# Is now a good time to buy Oil & Gold?



## Bonzo86 (Mar 7, 2012)

With the first significant drop in the market of 2012 because of Greece/China/Iran fears, is anyone considering adding to their gold or oil stock positions?

Personally, I don't have a position in gold but am thinking I should have at least some in my portfolio.

As for oil, I love it. I have some Suncor and would like to but more on this dip. I am thinking the Iran tension might be good for the stock but the Greece/China talk not so much.

Just wondering what the experts thought? Is anybody considering trimming positions in other stocks to add to gold, oil, or something else?


----------



## KaeJS (Sep 28, 2010)

I sold my Suncor a week ago at $36.42.

I'd like to get back in, but I'm not sure if this is the right time.

I think if it were to hit $32ish, I would be in.


----------



## dogcom (May 23, 2009)

Bought some K this morning as gold stocks seem cheap but they could go into a final frenzy down before a huge rally.


----------



## dogleg (Feb 5, 2010)

dogcom: when you look at the ten year chart for G and K for example please explain your choice of K . And where will this 'huge rally' come from? And what about the 'frenzy" ? What are its sources? Thanks.


----------



## Spidey (May 11, 2009)

I bought a little IGT (Ishares gold ETF) today. The commodity seems much more stable than the stocks and this seems to be one of the best vehicles to hold gold.


----------



## Cal (Jun 17, 2009)

Not interested in gold....it doesn't pay me anything to hold it.
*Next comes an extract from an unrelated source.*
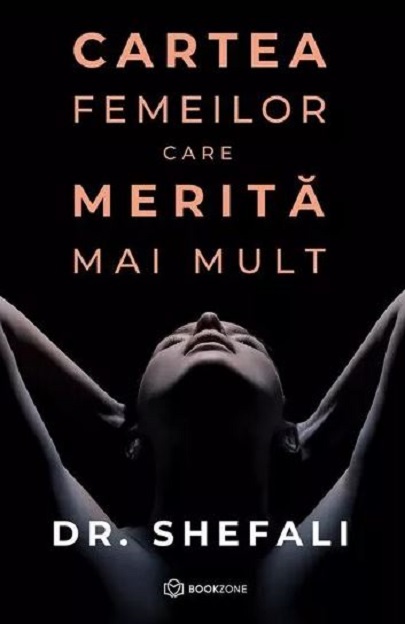 Cartea femeilor care merita mai mult | Shefali Tsabary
But would be interested in SU at a lower price


----------



## Mike59 (May 22, 2010)

Bonzo86 said:


> Just wondering what the experts thought? Is anybody considering trimming positions in other stocks to add to gold, oil, or something else?


Yes, this is a great time in my opinion to accumulate. The fundamentals that have supported gold's rise since the early 2000's are just as strong now, if not stronger. I don't care much for oil , as precious metals are exceeding the return over other commodities during their bull market run. Gold and silver will more than account for the rise, and overshoot. 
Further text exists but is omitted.